Barry Rhodes said...


Not only is it bad etiquette, but it also is a breach of Rule 14-2b, incurring a penalty of two strokes every time a player does it. However, there is no problem with the order of putt unless the Conditions of Competition state that the player whose ball is beeing used must make the first putt.


Anonymous said...

Barry. Whilst recently playing a team fourball matchplay. We were one up and on the 18th green....i was putting to win the match

Both my partners and my ball where approx four inches off the putting green (on the fringe) and within four inches of each others ball.both balls more or less on a direct line to the hole.
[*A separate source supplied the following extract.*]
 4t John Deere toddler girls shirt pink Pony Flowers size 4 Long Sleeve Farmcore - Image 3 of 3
I marked my ball whilst my partner played his.

As we were off the putting green, i stood behind him and watched his line of putt...i replaced my ball and as i was about to play the opposition called that i was not allowed to stand behind my partner and watch his putt as i had gained an advantage...i continued with my putt, invarably missing the putt. They then went on to win the hole..
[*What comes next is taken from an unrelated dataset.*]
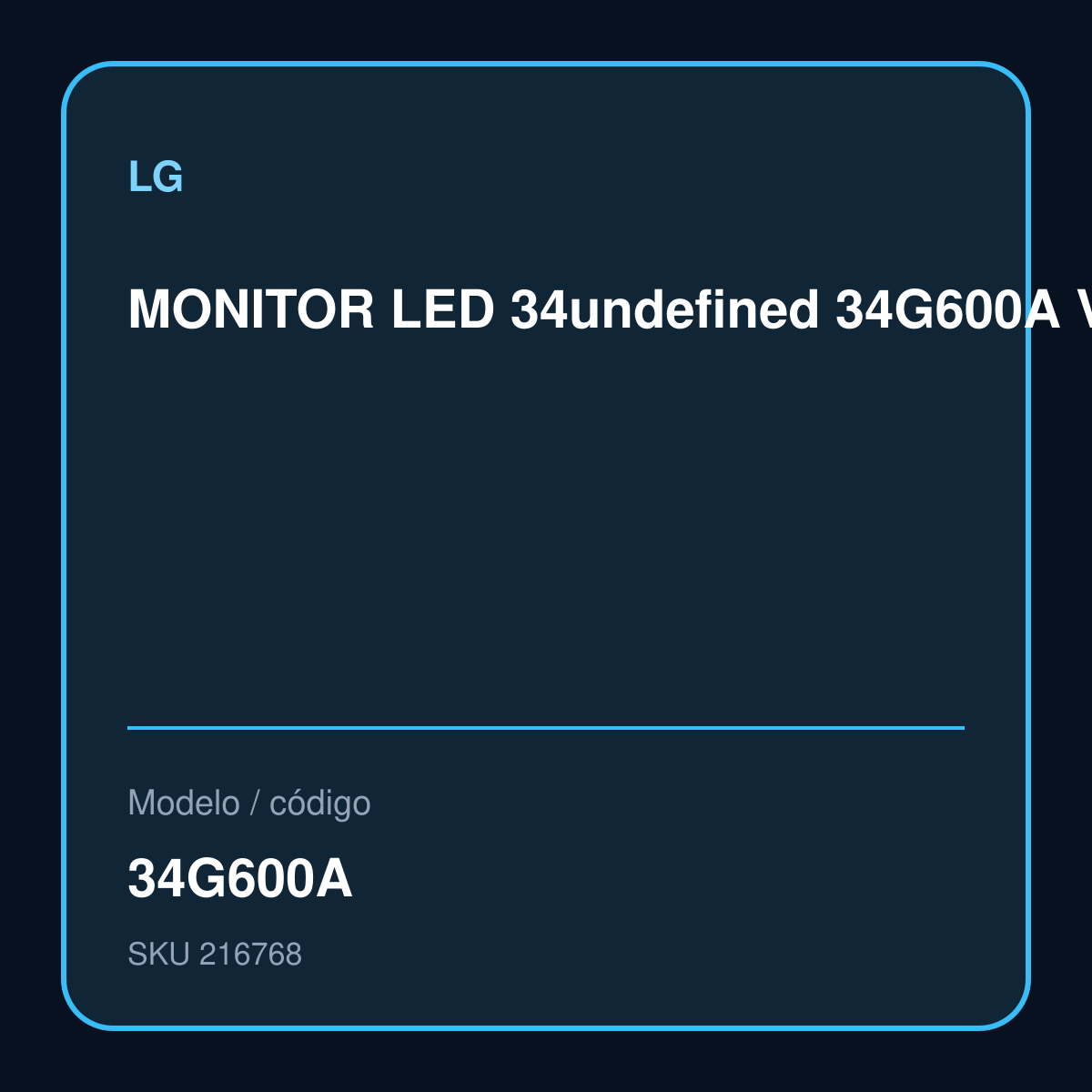 MONITOR LED 34" 34G600A VA CURVO 160HZ 5MS – 34G600A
Can you clarify the situation. In my head, as my partner and i were off the putting surface i was able to stand behind my partner and watch his stroke being played...which rule (if any, as the opposition challenged) had been breached.

Barry Rhodes said...


Your opponents were correct to claim the hole, as you had breached Rule 14-2, which states that a partner, caddie or partner’s caddie may not stand behind a player during their stroke anywhere on the course. Prior to 2000 this restriction only applied to the putting green.